## TRY IT:
Retype word for word the first line of the listing and each line after it up to the line with "Photo of Little", with the pictures taken out.

## DATA:

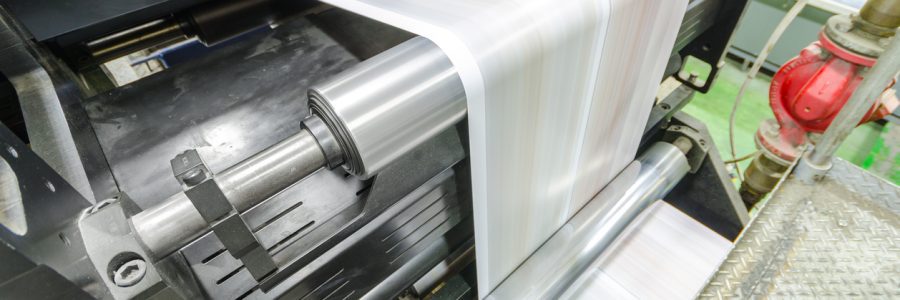 A printing press executing an order from the web to print workflow by printing a long strip, which is blurred by the speed of the print job.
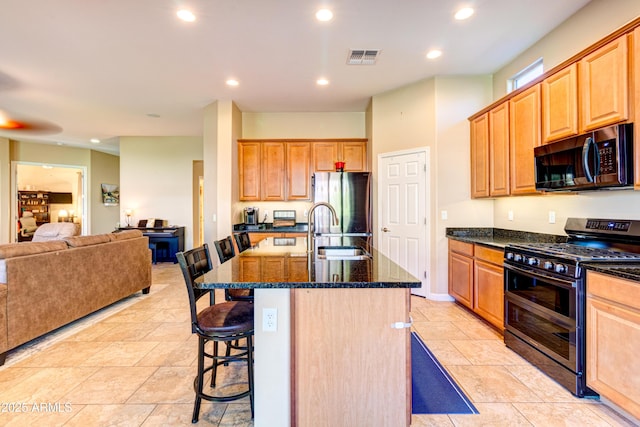 kitchen with open floor plan, a breakfast bar, dark stone counters, range with two ovens, and freestanding refrigerator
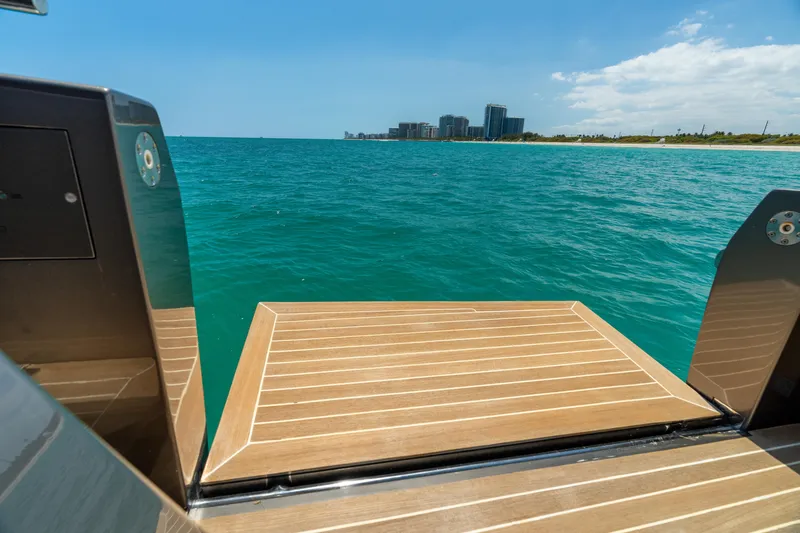 Yours Yacht Photos Pics CNM Continental Tender 2016 yacht platform overlooking ocean and distant city skyline.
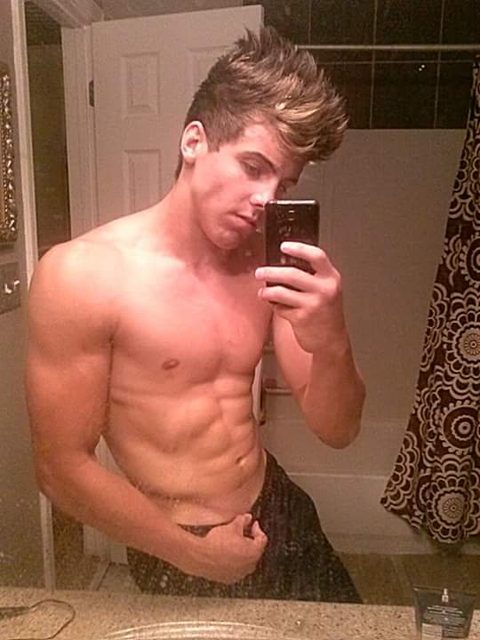 A muscular young man with a spiked hairstyle takes a shirtless mirror selfie in a bathroom, showing off his defined abs and arms.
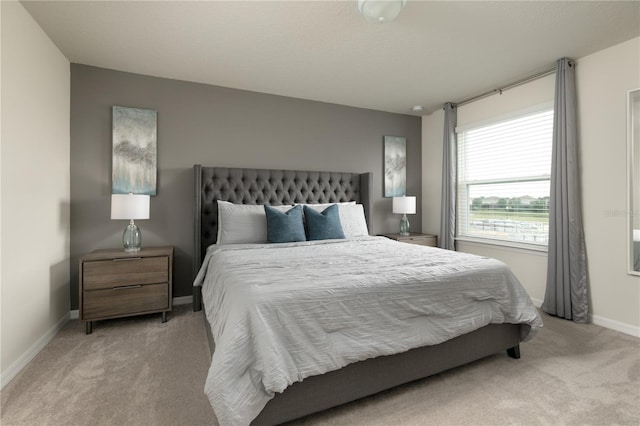 bedroom featuring baseboards and carpet flooring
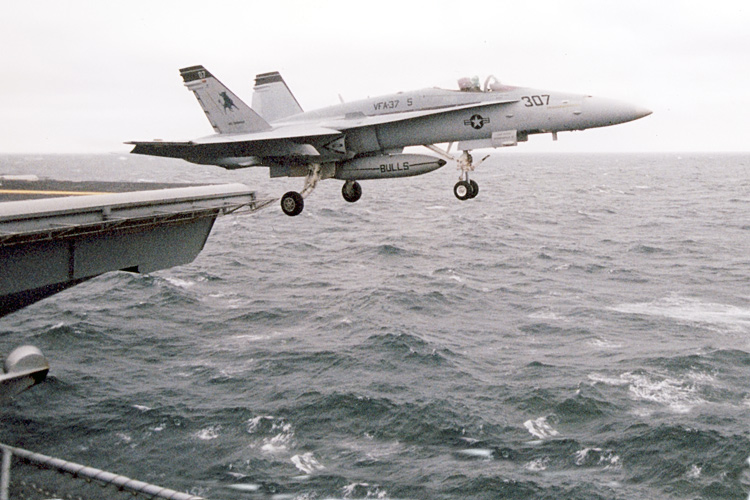 An F-18 Hornet from VFA-37 "The Bulls" roars off the flight deck of the U.S.S. Enterprise, CVN-65, into a rainy sky out in the Atlantic Ocean. �  � Mike Lynaugh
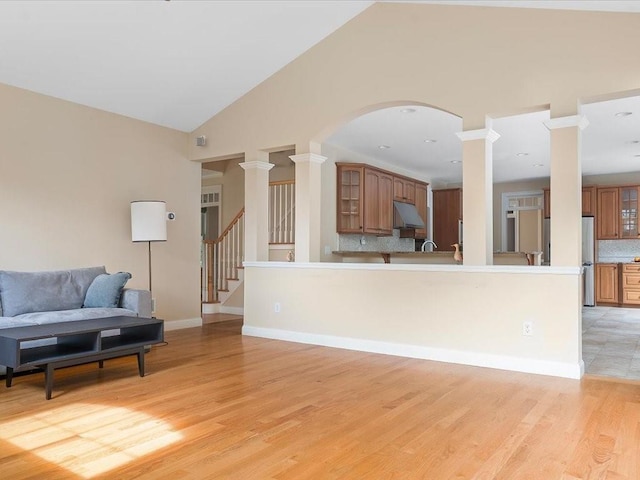 living area featuring stairway, light wood finished floors, baseboards, and ornate columns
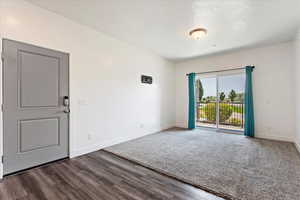 Spare room featuring dark hardwood / wood-style floors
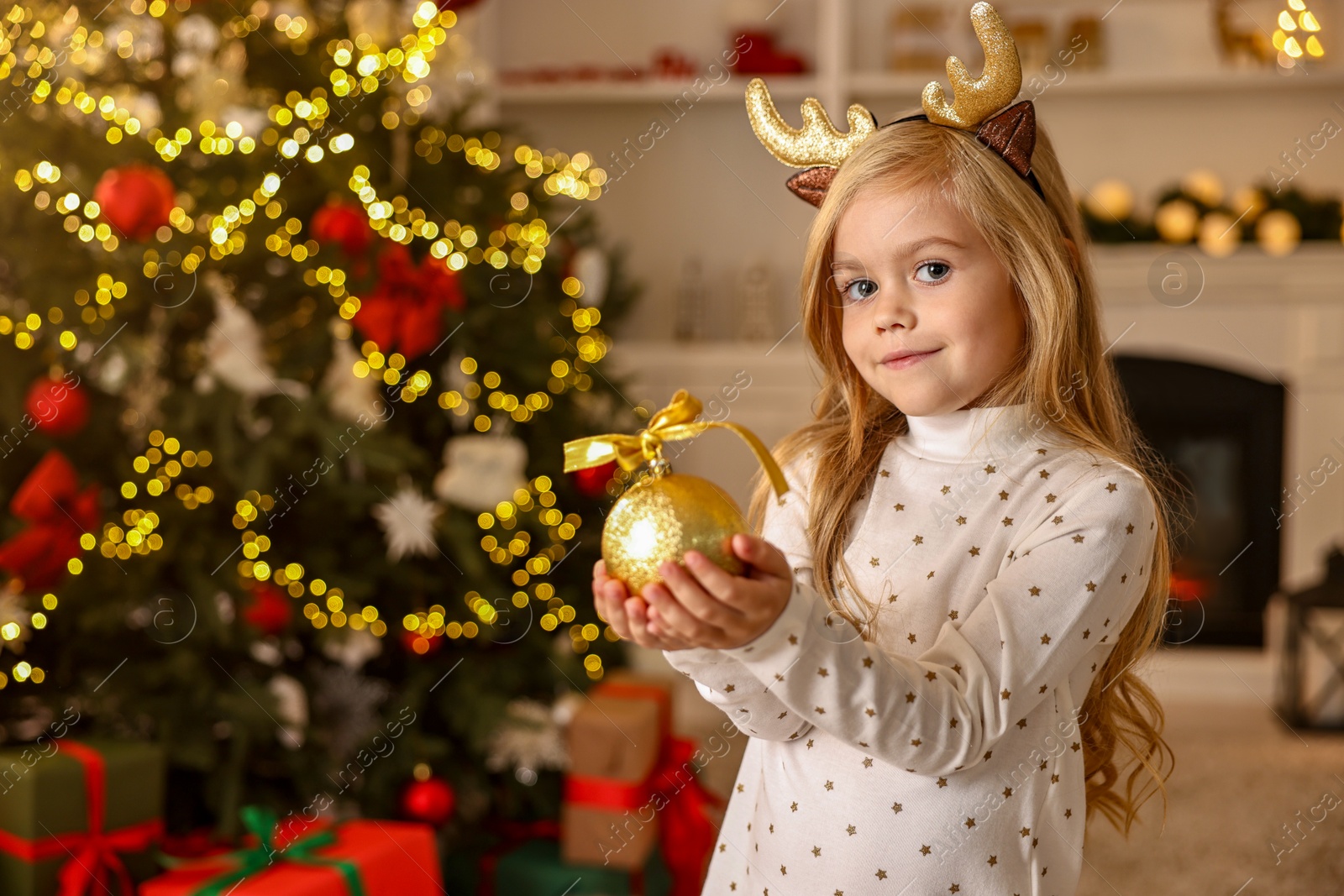 Photo of Little girl with Christmas ornament at home, space for text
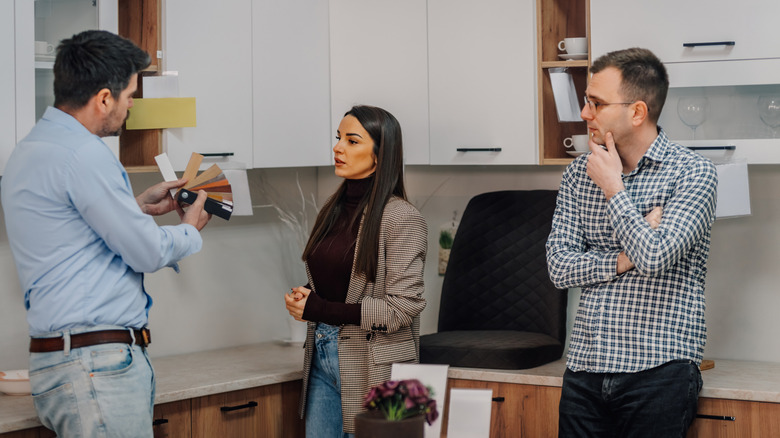 A couple discusses kitchen cabinet colors with a designer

## RESULT BELOW:
 A printing press executing an order from the web to print workflow by printing a long strip, which is blurred by the speed of the print job.
 kitchen with open floor plan, a breakfast bar, dark stone counters, range with two ovens, and freestanding refrigerator
 Yours Yacht Photos Pics CNM Continental Tender 2016 yacht platform overlooking ocean and distant city skyline.
 A muscular young man with a spiked hairstyle takes a shirtless mirror selfie in a bathroom, showing off his defined abs and arms.
 bedroom featuring baseboards and carpet flooring
 An F-18 Hornet from VFA-37 "The Bulls" roars off the flight deck of the U.S.S. Enterprise, CVN-65, into a rainy sky out in the Atlantic Ocean. �  � Mike Lynaugh
 living area featuring stairway, light wood finished floors, baseboards, and ornate columns
 Spare room featuring dark hardwood / wood-style floors
 Photo of Little girl with Christmas ornament at home, space for text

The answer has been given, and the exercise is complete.